Caption-style text data
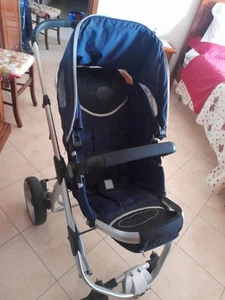 Trio Brevi - Foto 1 di 4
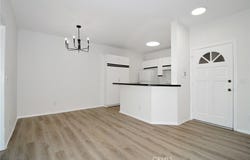 2474 Pleasant Way, Thousand Oaks, CA 91362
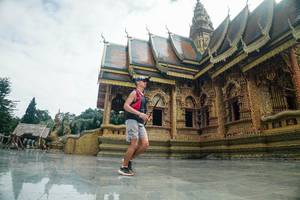 BIB: 
                            <button type="button" onclick="openModal(27713088)" class="btn btn-primary btn-sm float-right btn-popup" data-toggle="modal" data-target=".modal-high-quality">
                        <i class="fas fa-shopping-cart"></i> Add to Cart
                    </button>
                                            <button type="button" onclick="isThisMe(27713088, true)" class="btn btn-success btn-sm float-right btn-popup btn-isme hidden" data-toggle="tooltip" data-placement="bottom" title="นี่คือรูปของคุณใช่ไหม คลิกที่นี่เพื่อเอาเข้าอัลบั้ม">
                        <i class="fas fa-plus"></i> Add to album
                    </button>
                    <button type="button" onclick="isThisMe(27713088, false)" class="btn btn-warning btn-sm float-right btn-popup btn-isnotme hidden">
                        <i class="fas fa-ban"></i> Remove from album
                    </button>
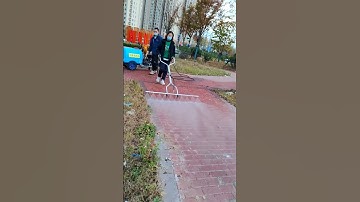 Best machine unclog culvert drain #culvert #drain #unclog unclog culvert drain #shorts 47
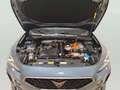 CUPRA Formentor 1.4 e-HYBRID 245 ch DSG6 VZ Gris - thumbnail 16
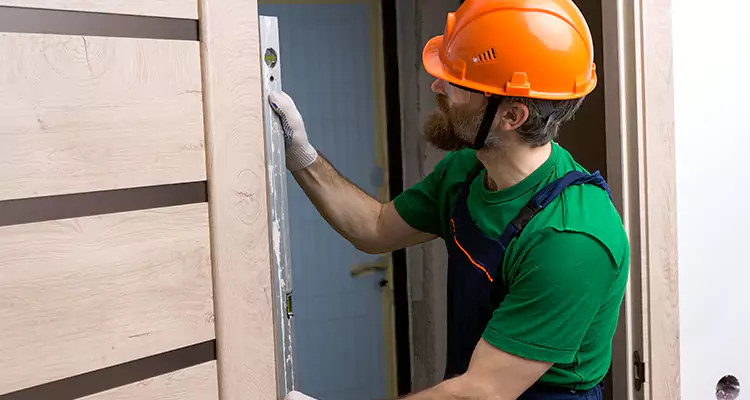 Pocket Door Repair Cost in Glenvar Heights, FL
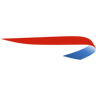 BA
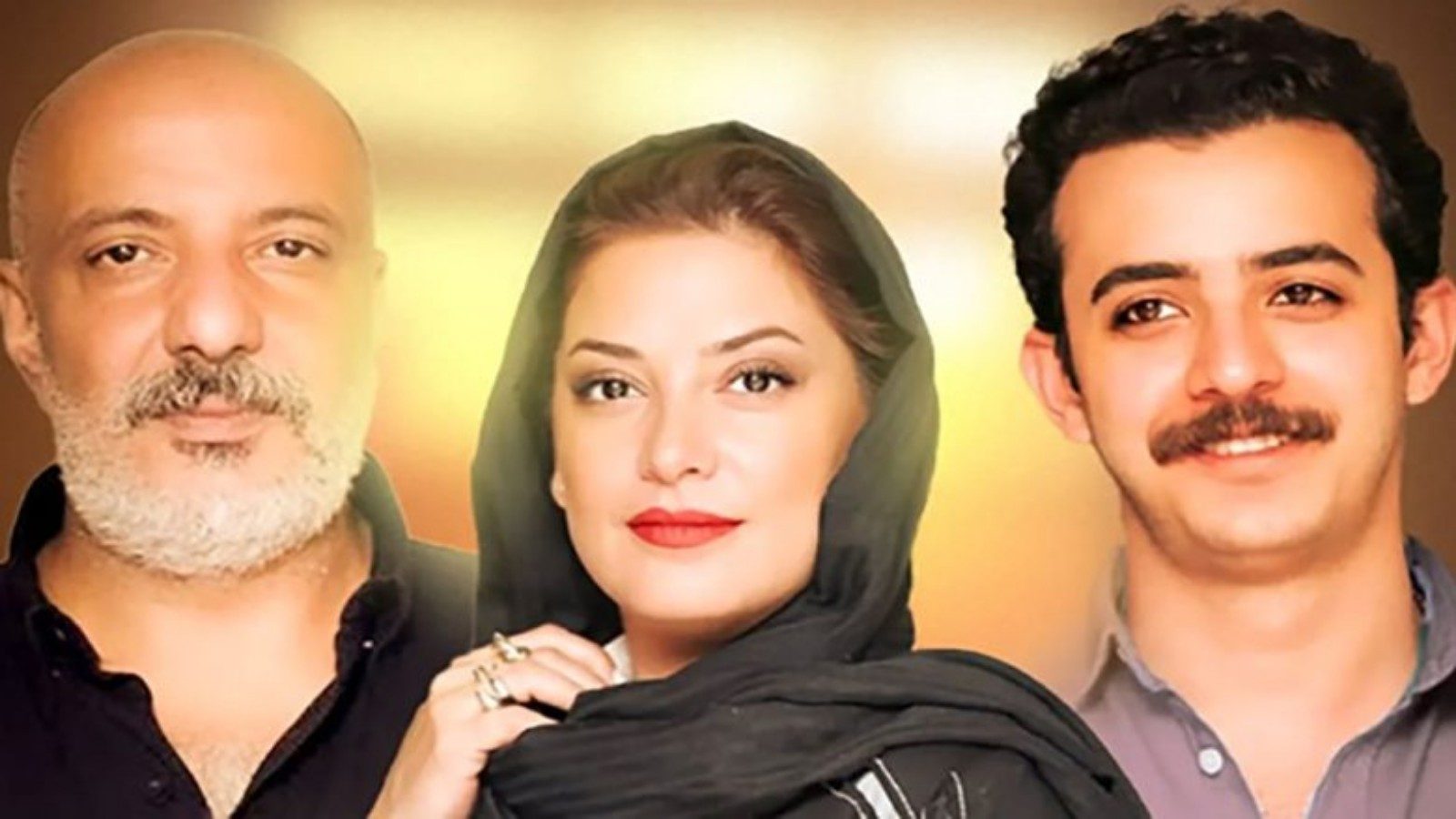 سریال-فردین-780x470_copy_1600x900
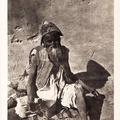 Baluchistan Begger [Beggar]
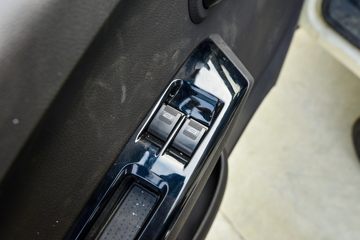 ���� ����M2 1.6L 122���� ���� 4X2 3.5����س�(������)ͼƬ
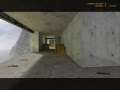 aim_construct by Glock18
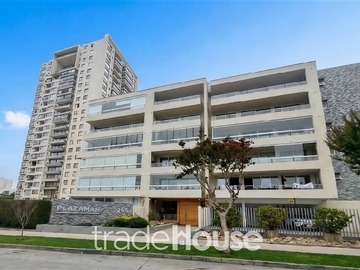 Venta / Departamento / Viña del Mar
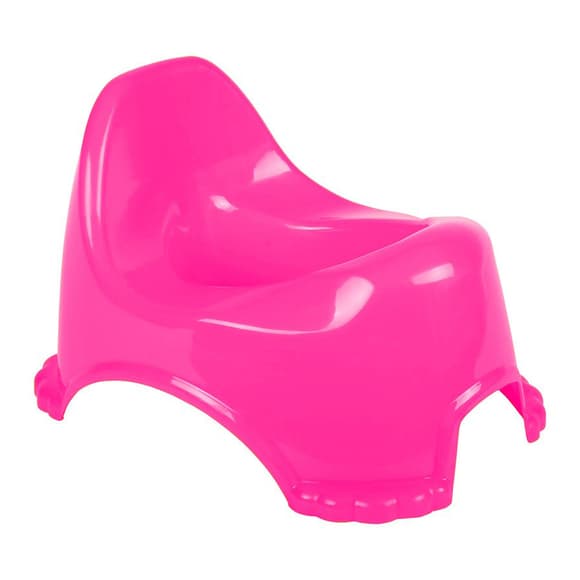 Дитячий горщик ТехноК 2261TXК 
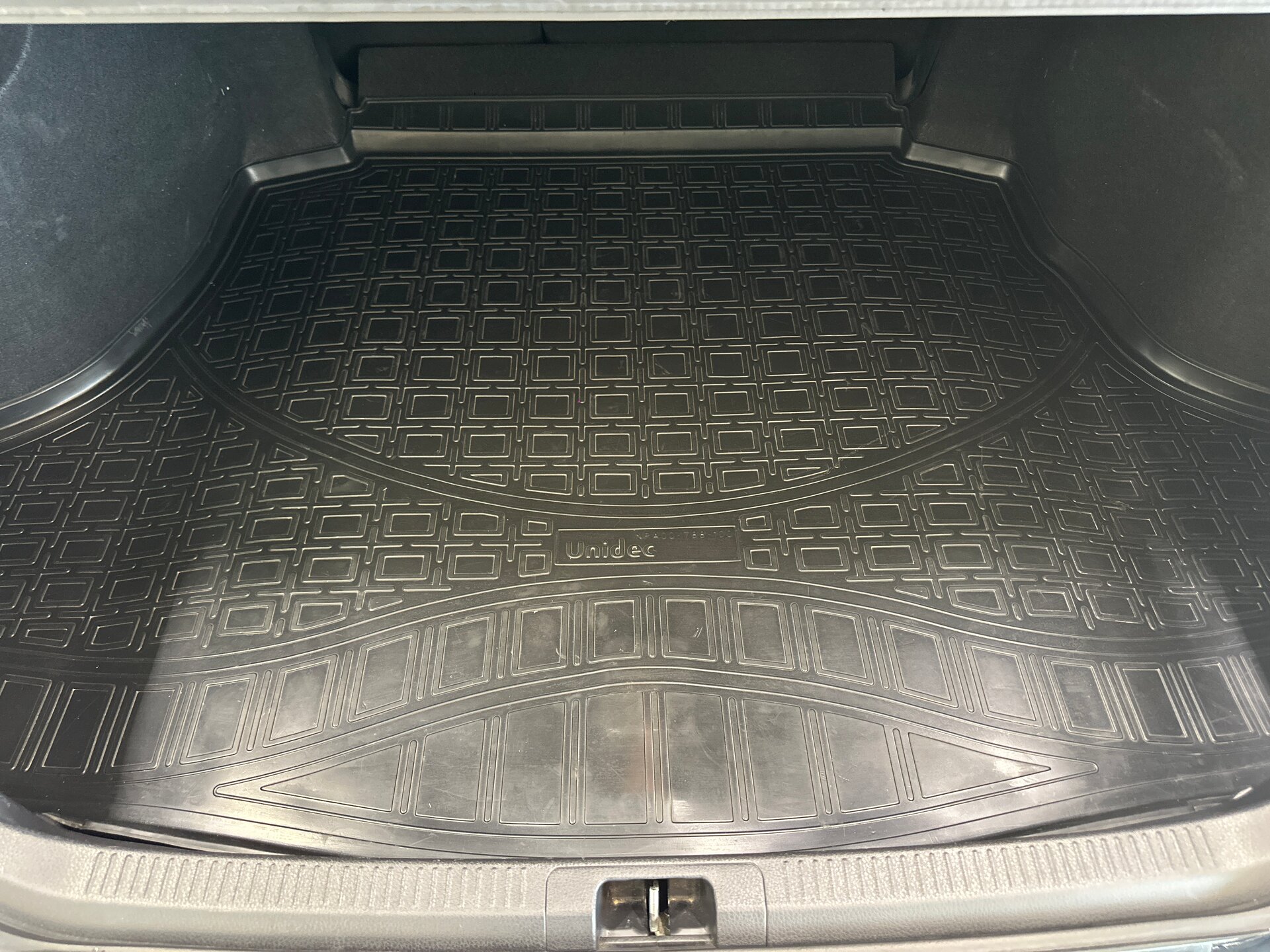 Toyota Camry, VIII (XV70) 2019 Toyota Camry, VIII (XV70) 2019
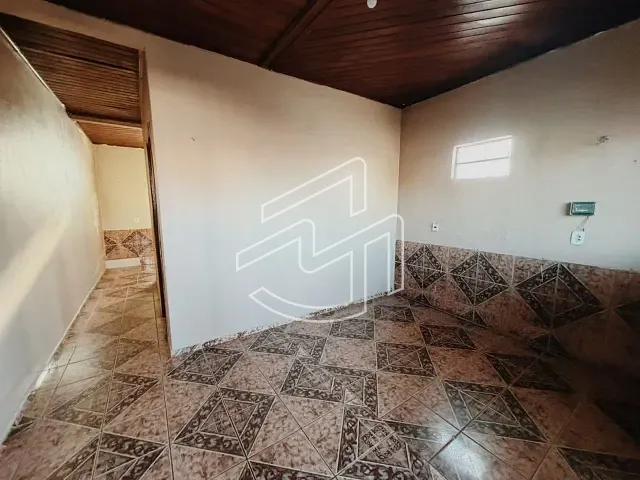 Kitnet 1 quarto e 1 banheiro, para alugar, no bairro Cidade Nova em Ananindeua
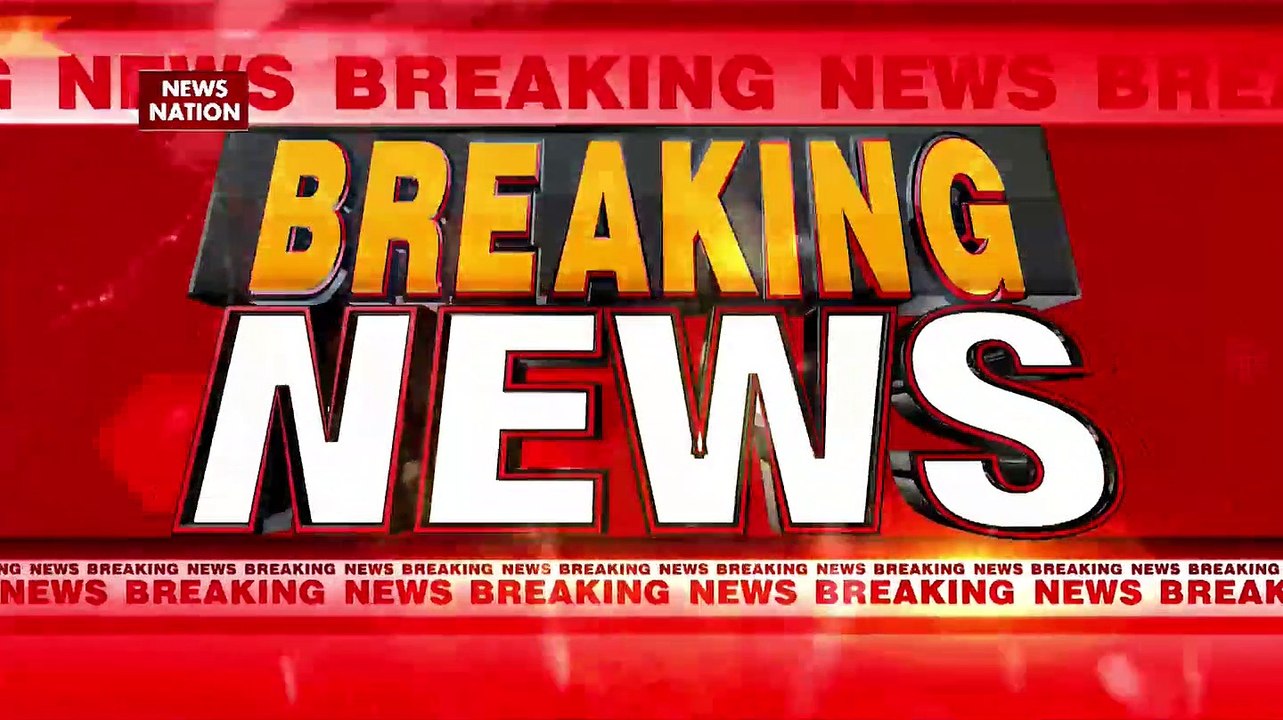 Breaking News : आज यूपी को  बुंदेलखंड एक्सप्रेस-वे की सौगात, पीएम मोदी एक्सप्रेस-वे का करेंगे उद्घाटन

**WHAT TO WORK ON**
Search the records line by line for the word "album" and copy every line where it appears.

**RESULT OF THE TASK**
                        <i class="fas fa-plus"></i> Add to album
                        <i class="fas fa-ban"></i> Remove from album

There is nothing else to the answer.